* [WORK ITEM]: Nothing but the lines from the one with "Patricia Breen Ornament" through the end of the records may appear in the answer, each reproduced exactly, pictures omitted.

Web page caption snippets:
■ ■ ■ ■ ■ ■ ■

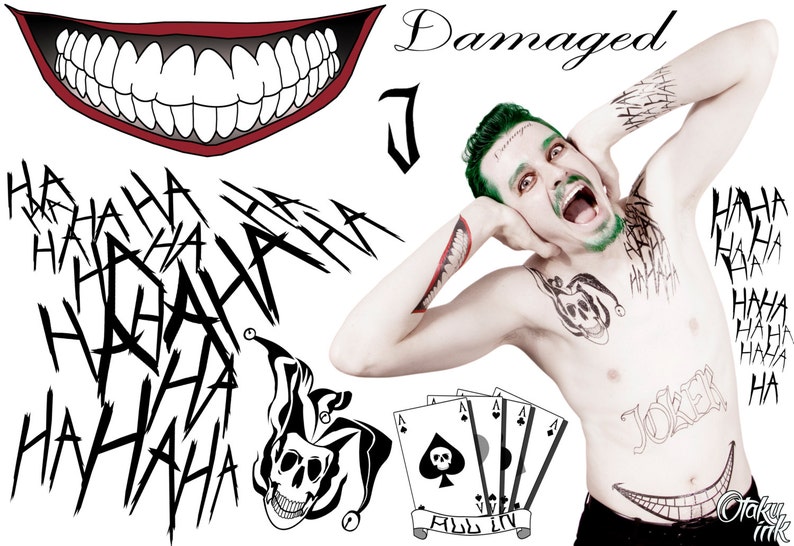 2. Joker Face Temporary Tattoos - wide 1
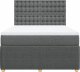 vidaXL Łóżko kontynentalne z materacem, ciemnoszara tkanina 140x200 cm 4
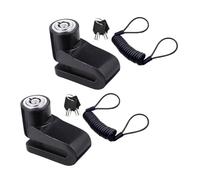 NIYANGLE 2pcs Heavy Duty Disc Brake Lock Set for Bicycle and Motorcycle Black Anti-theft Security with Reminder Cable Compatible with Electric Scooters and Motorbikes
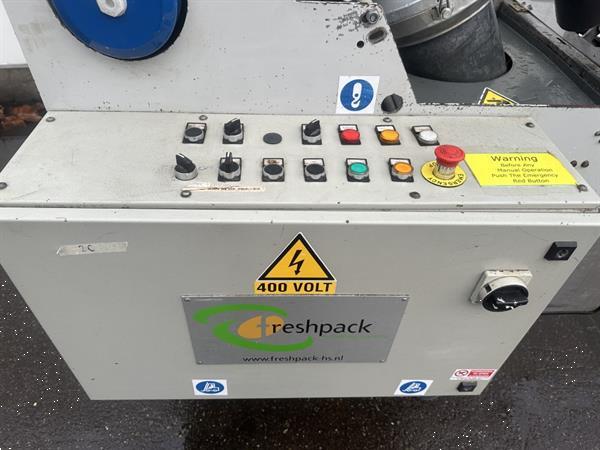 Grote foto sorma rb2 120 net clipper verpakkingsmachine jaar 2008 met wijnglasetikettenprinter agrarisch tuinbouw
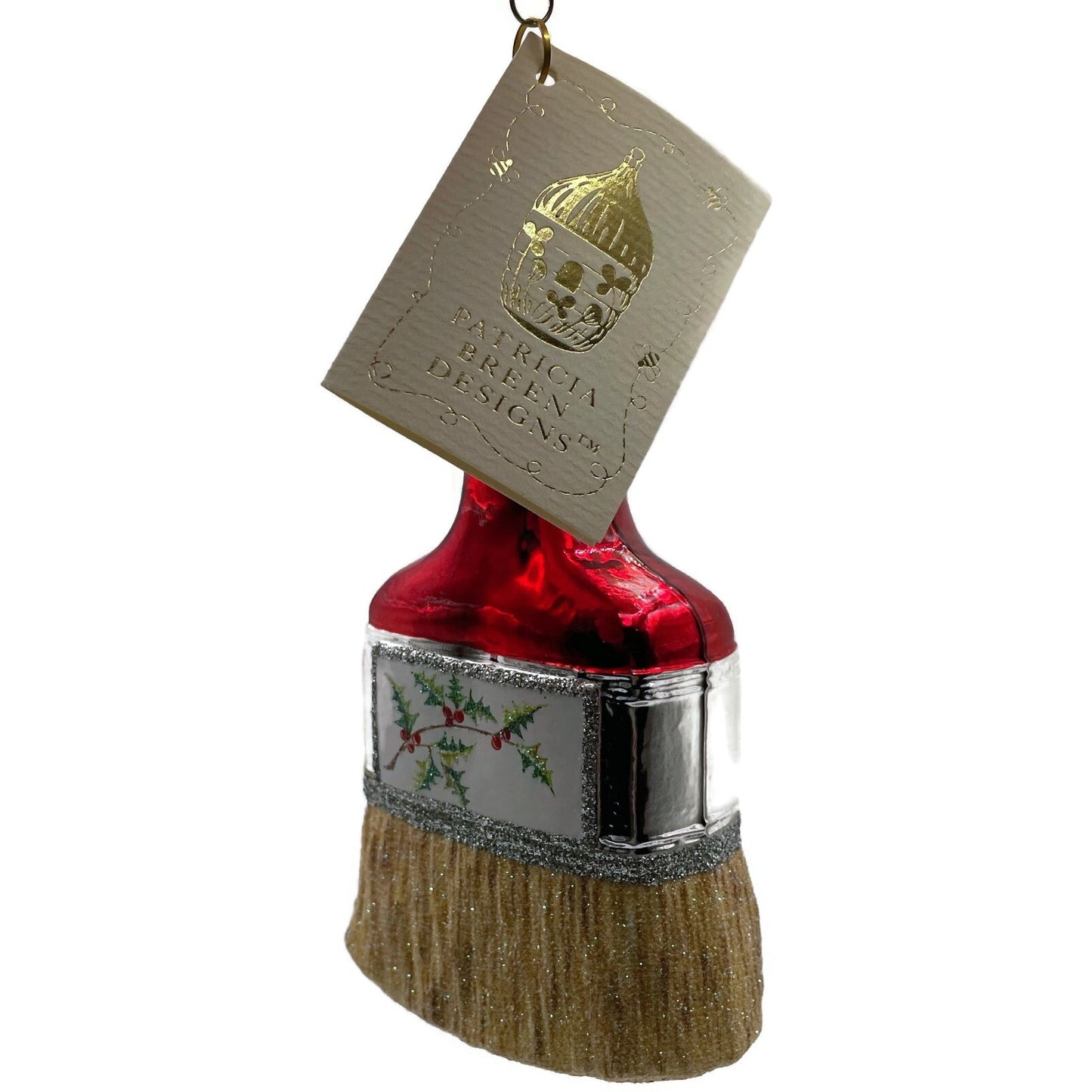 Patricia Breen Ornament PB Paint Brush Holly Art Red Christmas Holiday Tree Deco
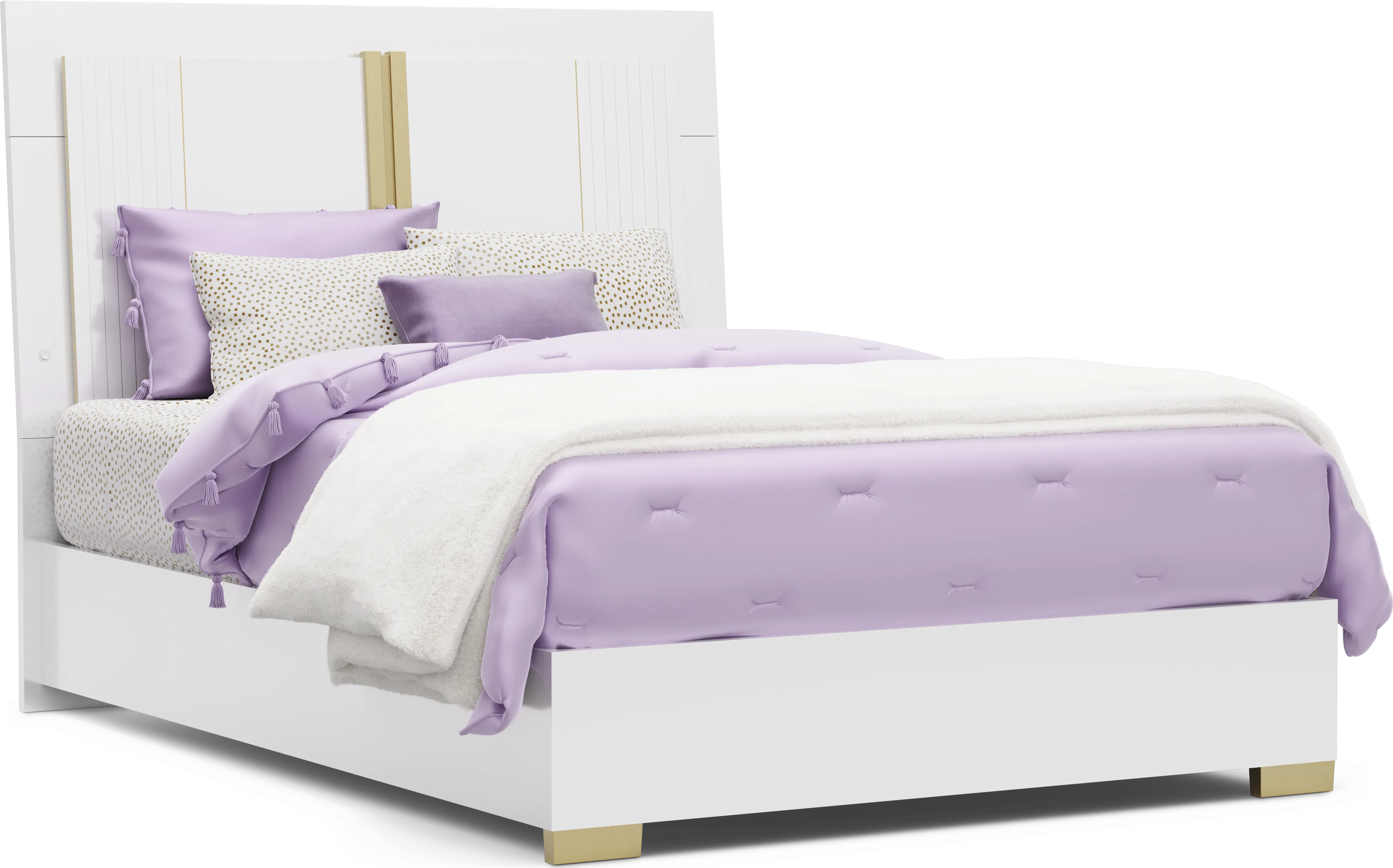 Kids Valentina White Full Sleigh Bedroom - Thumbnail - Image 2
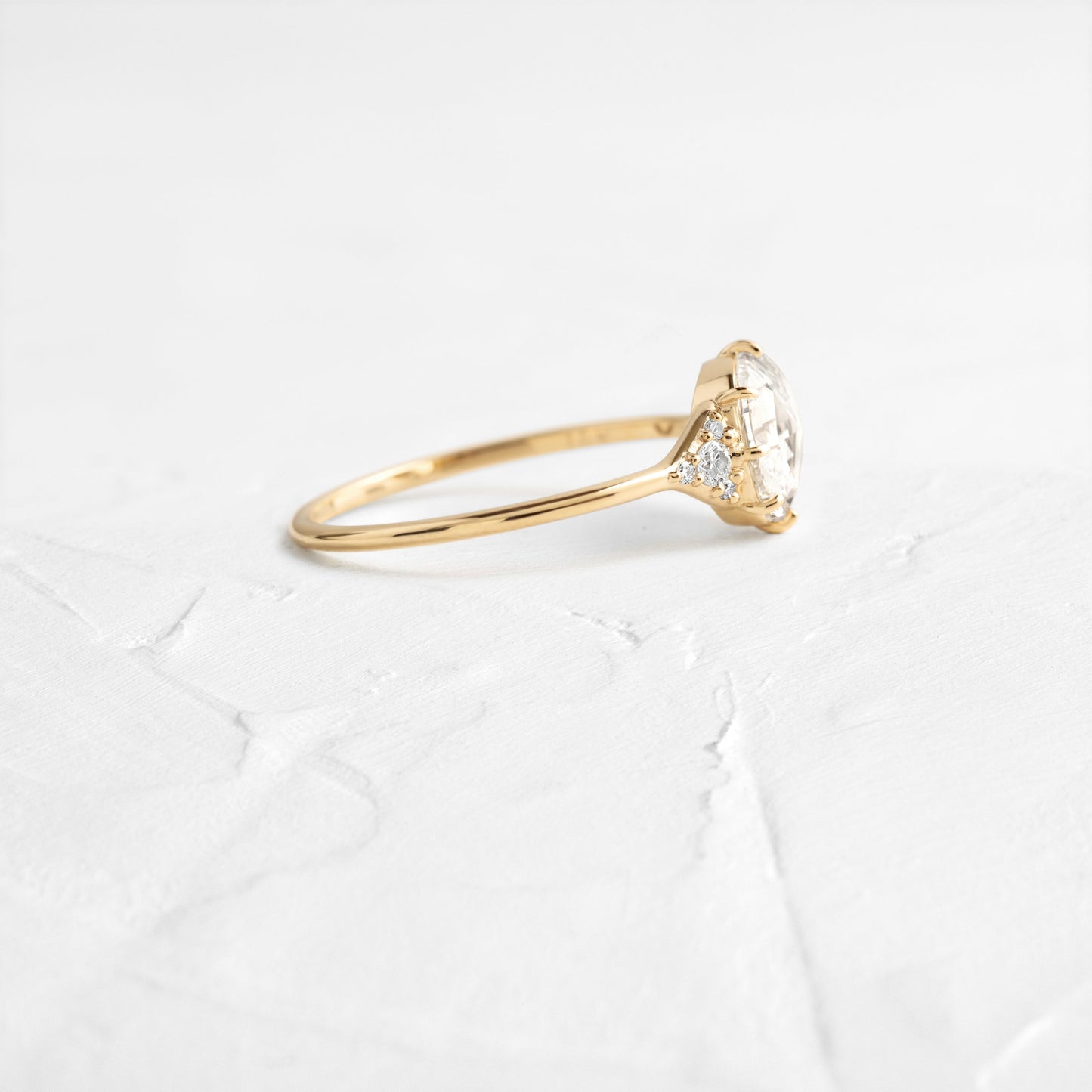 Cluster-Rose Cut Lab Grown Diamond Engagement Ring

■ ■ ■ ■ ■ ■ ■

* [RESPONSE AREA]:
 Patricia Breen Ornament PB Paint Brush Holly Art Red Christmas Holiday Tree Deco
 Kids Valentina White Full Sleigh Bedroom - Thumbnail - Image 2
 Cluster-Rose Cut Lab Grown Diamond Engagement Ring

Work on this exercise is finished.